TAPP-C The Arson Prevention Program for Children
Playing with fire and firesetting are extremely dangerous behaviours that can result in substantial personal and economic loss to families and communities. The Arson Prevention Program (TAPP-C) is a program for youth who have played with fire or set fires, including such things as playing with matches or lighters, burning paper or garbage, performing lighter "tricks," intentionally setting fire to buildings, or making bombs. It is an evidence-based collaborative program that involves fire service and mental health professionals working together to insure that all youth involved with fire have the best chance possible for a safe and healthy future.
The program was introduced in 1991 as a collaborative effort of the Office of the Fire Marshal of Ontario, the Centre for Addiction and Mental Health (formerly the Clarke Institute of Psychiatry), and the City of Toronto Fire Services. Since that time, the program has expanded throughout Ontario, as well as to communities in other provinces. Recently, there has been significant international interest.
TAPP-C's model of service delivery insures that every adolescent who is referred to the program, along with his/her family, has access to a home safety check and fire safety education through the fire department, as well as a risk assessment and brief intervention through a children's mental health centre or hospital. It may come as a surprise that TAPP-C involves all children being offered both services. Traditionally, juvenile firesetter programs have been delivered exclusively by fire services. TAPP-C uses this model because fire involvement by youth is a complex behaviour that is best addressed by a multi faceted approach. Fire service professionals have practical expertise in dealing with juvenile firesetters, including evaluating and helping to improve home fire safety, teaching fire safety knowledge and skills, and providing positive role models. Children's mental health professionals have training and expertise in conducting assessments, and in helping children and families deal with difficult behaviour.

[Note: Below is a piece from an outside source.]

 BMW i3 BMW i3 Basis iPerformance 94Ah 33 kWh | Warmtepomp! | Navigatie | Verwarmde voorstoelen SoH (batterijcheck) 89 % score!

The experiences of TAPP-C professionals, combined with information from other juvenile firesetting programs, confirm the importance of including both services in this model. There is considerable evidence suggesting that a child's setting of fires can be an indication of other problems in his/her life. As well, there is ample research to show that predicting recidivism risk (that is, whether someone will repeat a particular behaviour) is complicated. By the time a parent calls and asks for help with a child's fire involvement, usual strategies for addressing misbehaviour have often been tired and proven ineffective. According to TAPP-C's database, children and adolescents have usually been involved with fireplay or firesetting more than once before being referred to the program. As a result, it is important that services are available from professionals who have expertise in conducting risk assessments and who specialize in helping parents deal with their child's misbehaviour.